In case you hadn’t heard, the Giants used to play in New York, up in Harlem in a mythical park called the Polo Grounds — at which polo was never played — across the River from Yankee Stadium. In fact, there only is a “Yankee Stadium” because of the New York Giants. The football Giants still have the word “Football” in their corporate name, so as to avoid any confusion. So I have the New York Baseball Giants in my bloodlines. My grandfather — a bootlegger when that profession was fairly commonplace: I keep listening for his name in Boardwalk Empire — lived and died with John McGraw’s squads of the ’10s and 20′s. Despite working for the brewery owned by the owner of the Yankees. He was a die-hard, for sure. My Dad — and most of his 10 siblings — were Yankee fans, probably just to be “different” from Pop. Well, no, I take that back: my aunts were Yankee fans because they thought Joe DiMaggio was cute. But my Dad went into the Army in ’43, came back at the end of the War and got himself a college degree and a bank position, which came with access to Giants/Yankees/Dodgers tickets. Many’s the summer afternoon that his desk phone would ring and the gravelly paternal voice on the other end would say, “Can you sneak uptown with your tickets and meet me at the game?” More often than not, than answer was “yes.”
Until 1957, of course.

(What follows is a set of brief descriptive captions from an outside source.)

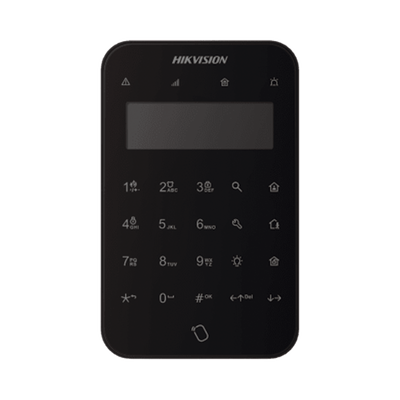 Teclado Inalámbrico LCD / Pantalla Táctil / Control de Relevadores / Comunicación Bidireccional / IP67 / PIR 10 m (32.8 ft) / AES-128 / 433 MHz
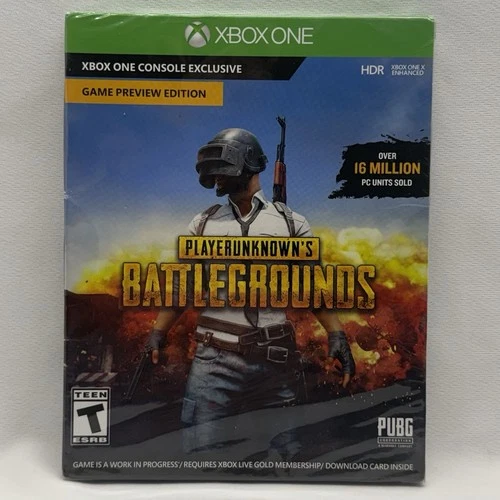 PlayerUnknown's Battlegrounds PUBG (Xbox One, 2017) HDR Microsoft NEW & Sealed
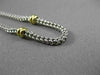 ESTATE LONG 14KT WHITE & YELLOW GOLD ITALIAN BEAD BY THE YARD NECKLACE #22905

There has been enough ink and pixels spilled over the events that ripped National League baseball from New York to cover the Atlantic twice over, so I won’t add any more here. The Giants lit out for San Francisco as the Dodgers went to the southern end of the state. Pop was adrift and the Yankee fans had their long-desired metropolitan hegemony. Dad remained one.
Until the Yankees fired Casey Stengel after the 1960 season. That’s when my Dad finally saw the light and abandoned the Pinstripers forever. “Casey got a raw deal. Screw you, Topping,” was the sentiment directed at the Bronxian ownership of the day. The Mets were born, Dad went NL and 5 years later, I went with him. The rest is history.
But let’s say 1957 never happened. Let’s pretend the GiaOdgers stayed put and there were no “Mets”. Willie Mays never left the Polo Grounds and New York got to see McCovey, Marichal and Cepeda up close. Jack Clark made his mark in New York well before signing with the Yankees in ’87. Vida Blue landed in Harlem once the A’s couldn’t afford him. Will Clark, Matt Williams, and yes, Barry Bonds all launched missiles into the PG bleachers and the funny clubhouse in centerfield remained standing.
I’d like to think I’d have been a Giants fan. Seeing as I grew up in northern NJ, they’d certainly have been geographically desirable. I probably would have chosen them as mild form of rebellion against dear ol’ Dad. I would have been at home in the Polo Grounds with the pigeons.
I’d certainly like to think that, today.
But, things are what they are, so LET’S GO METS!